With a loud thrashing but not undue confusion, Kane's commands were carried out. Imel kept silent as he slid behind cover. He had had no illusions about who was commanding the band, anyway. Barely had they withdrawn into the shadow of the trees and readied their weapons when four Combine cavalrymen tore into view.
Hoping that Imel had carefully selected his party, Kane fired his crossbow and sent the iron quarrel drilling through the eye of the lead rider. A deadly chorus of twangs followed on his shot, and two other riders catapulted from their saddles--each with a pair of shafts quivering in his chest. The fourth rider raced through unscathed--saved not by bad marksmanship, but because there had been no time for the archers to call their targets.

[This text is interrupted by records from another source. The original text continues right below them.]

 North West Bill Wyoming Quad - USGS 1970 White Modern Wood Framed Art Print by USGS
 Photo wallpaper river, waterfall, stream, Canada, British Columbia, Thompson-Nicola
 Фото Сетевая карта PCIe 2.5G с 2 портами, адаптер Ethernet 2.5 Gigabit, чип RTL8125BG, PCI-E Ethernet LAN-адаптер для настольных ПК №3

"Stop him, Labe! Damn it man, stop him!" shouted Imel, alerting the survivor to his new danger. He jerked free his sword just in time to meet the attack of the Pellinite who lay waiting for him. Desperately the soldier traded blows with his adversary--knowing the others would be on him in an instant. Then, using a trick that caught the inferior horseman unaware, the cavalryman crashed his mount into the other. Startled, Labe swayed off-balance, and the cavalryman slashed his blade downward through unguarded shoulder and into the other's spine.

Ripping his sword free from the blood-gushing corpse, the soldier bolted across the road for the shelter of the woods. He had just left the roadway when a searing pain pierced his throat and lifted him head over heels from his saddle. He fell in a broken jumble on the forest floor, blood pouring hotly over the quarrel that skewered his neck.

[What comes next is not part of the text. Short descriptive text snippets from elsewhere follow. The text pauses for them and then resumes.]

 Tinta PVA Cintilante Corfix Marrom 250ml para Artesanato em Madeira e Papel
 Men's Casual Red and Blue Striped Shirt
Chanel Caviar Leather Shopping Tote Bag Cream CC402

Kane lowered his crossbow, thankful that the brief struggle had given him time to get off a second shot. The crossbow's greater range and power balanced against the additional time it required to load and fire; someday Kane hoped to find a bow with equal power that was practical to use from horseback--not that a crossbow was much fun to manage on a running mount.

Essen rode back warily, having assumed from the disappearance of his pursuers that the skirmish was over. Kane questioned him, "Did I hear you right that there were five horsemen?"

"Yes, Five--I'm certain."

Kane made a remark about cavalrymen's mothers. "It seems then they weren't the eager fools I had hoped. They must have kept a man behind in case they ran into more than they could handle. Lato devour their cautious souls! If only they had been overconfident!"

"Now what?" Imel wanted to know. "How far is it to your cove?"

"From Imel's description I'd guess we're maybe halfway," Arbas answered without enthusiasm. Kane caught the assassin's eye and shrugged. "Well, the dice are cast now. The other soldier will have the whole Combine on the alert by now. It's suicide to bypass the roadway and try to slip through the forest now. Heavy patrols will be combing the' area in an hour--they'll cordon us and close in. Our best chance now is to ride like the Pack of Volutio--and gamble we can beat them to the ship. So let's move out!"